When an antibody is labeled with a fluorescent dye (eg, fluorescein, rhodamine), the presence of the antibody can be observed using an ultraviolet light source in a fluorescence microscope. This assay system can be applied in two ways: a direct immunofluorescence assay or an indirect immuno- fluorescence assay.

 In the direct immunofluorescence assay, a known specific antibody is labeled with a fluorescent dye. A specimen with unknown organisms is added to a slide and the slide is incubated with the fluorescein-labeled specific antibody (eg, antistreptococcal antibody). The slide is washed and evaluated under a fluorescence microscope. If the unknown specimen contains streptococcus organisms, they will appear green.

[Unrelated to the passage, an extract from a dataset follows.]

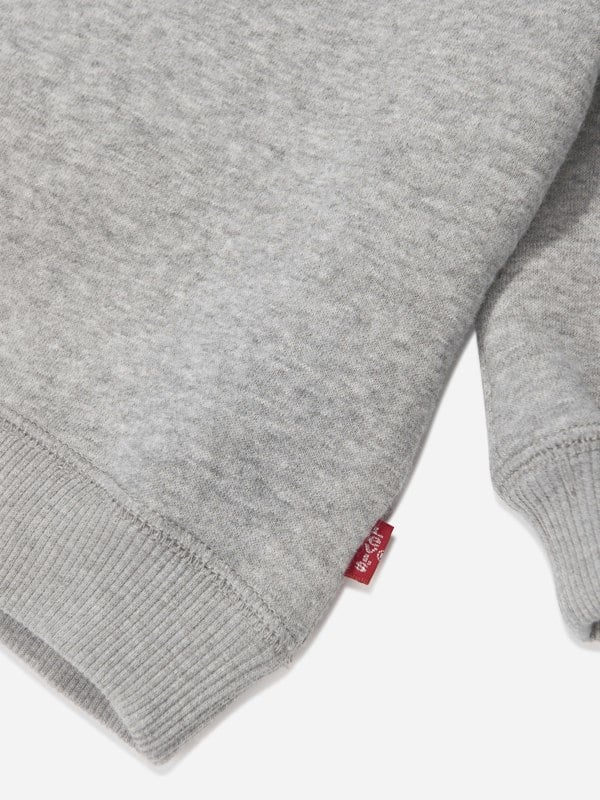 Levi's Kids Wear Levi's Baby Boys Batwing Crewneck Sweatshirt in Grey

 In the indirect immunofluorescence assay, a two-step procedure is used to detect the presence of organism-specific antibodies (such as treponemal antibodies) in a serum specimen. First, a known antigen (treponema) is attached to a slide. A serum sample is incubated with the slide, the sample is removed, the slide is washed, and a second fluorescein-labeled anti-immunoglobulin is added. The slide is washed and examined under a fluorescence microscope.

 If the patient's serum contained antitreponemal antibodies, the organism will appear green under the fluorescence microscope. Historically this assay has been used to detect antibodies to certain microorganisms (eg, T pallidum) and is the standard procedure for the detection of autoantibodies in autoimmune diseases (eg, antinuclear antibodies).